When he was hired, Matheny had managed zero games at any level, nor had he served as a major league bench coach, another typical path to the top job. But he said he felt like every decision he would face as a manager he had already considered during his playing days.
“I think that’s one of the advantages to being a catcher, actually, because I felt like I needed to make sure I knew what I was doing every pitch,” Matheny said. “I was second-guessing myself every pitch.”
It is the position in which Posey and Molina find themselves now, studying video not only of how an opposing pitcher might face them when they’re at-bat — as almost all offensive players do — but also studying the entire opposing lineup, searching for tendencies and weaknesses that their own pitching staff might exploit. Matheny tells a story of how, when he was still playing for the Cardinals, he came across Molina as a young minor leaguer and went home to tell his wife, “I saw the kid that’s going to steal my job.”
“The thing that stood out to me was how receptive he was and how open to learn and to improve and to grow,” Matheny said.
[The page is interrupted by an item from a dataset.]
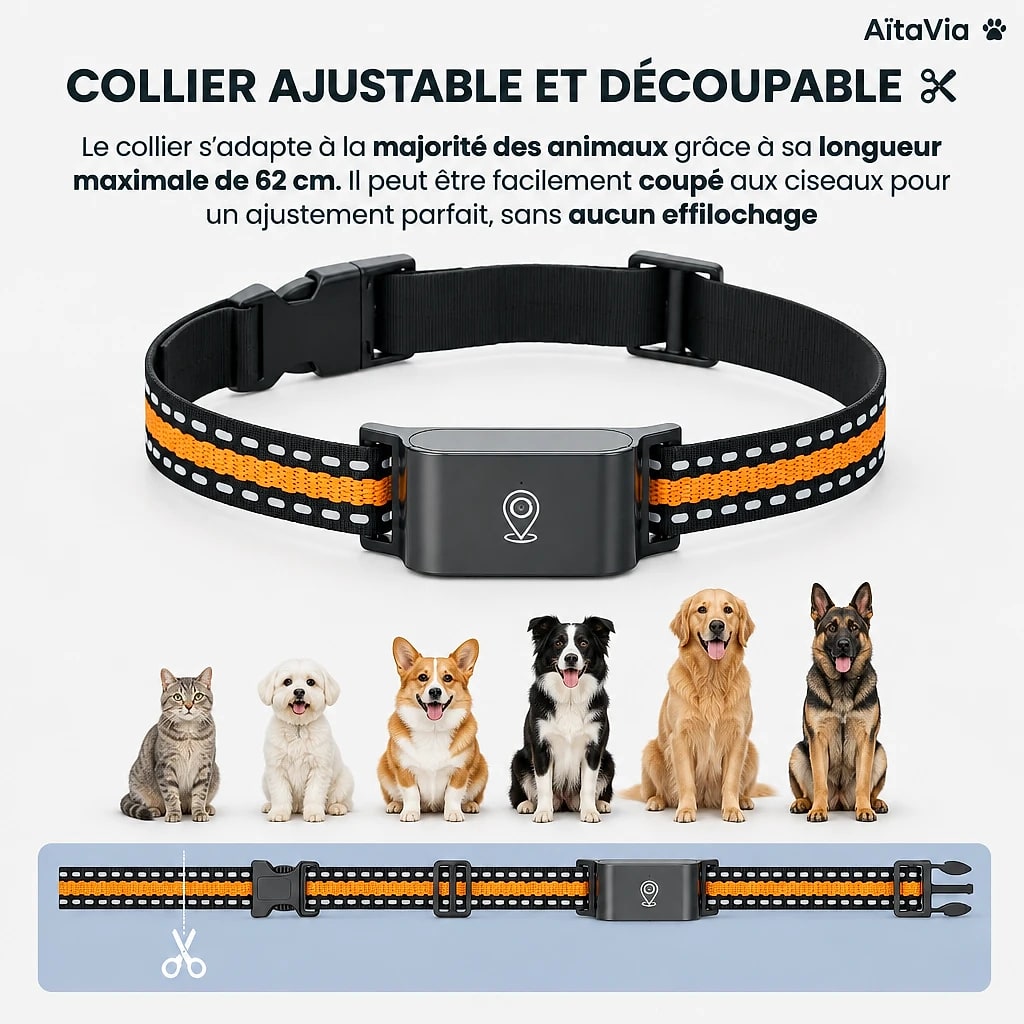 Tracvéo – Collier GPS Sans Abonnement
Posey is five years younger than Molina, and so gifted offensively — his OPS of .957 trailed only five players in all of baseball — that he has had to deflect talk that he move to first base to better protect his body. (Minnesota’s Joe Mauer, the 2007 AL MVP, has also resisted moving.)
“It’s a grind,” Posey said. “You have to realize you’ll be hurt sometimes, and you have to play that way, still catch and still hit. It’s hard to explain unless you’re back there doing it.”
Now, each catcher left in the postseason can return to his dugout and find someone who knows what they’re going through — even though they may have abilities about which their managers only dreamed.
“There’s not a lot glamorous about the position, and it just makes it that much more rare that we’re talking about some very effective offensive players who grind through that position,” Matheny said. “The rigors of that position, day in and day out, physically and mentally, are really hard to describe. But I see these guys setting kind of the framework for that to change.”
Giants note: Bochy said second baseman Marco Scutaro, who suffered a left hip injury following a hard slide by St. Louis’s Matt Holliday on Monday, could be ready to play in Game 3. “He came out of this pretty good considering how hard he was hit,” Bochy said Tuesday. Scutaro remained in Game 2 after the slide, which appeared to be late, and delivered the two-run single that broke the game open. He was removed in the fifth inning.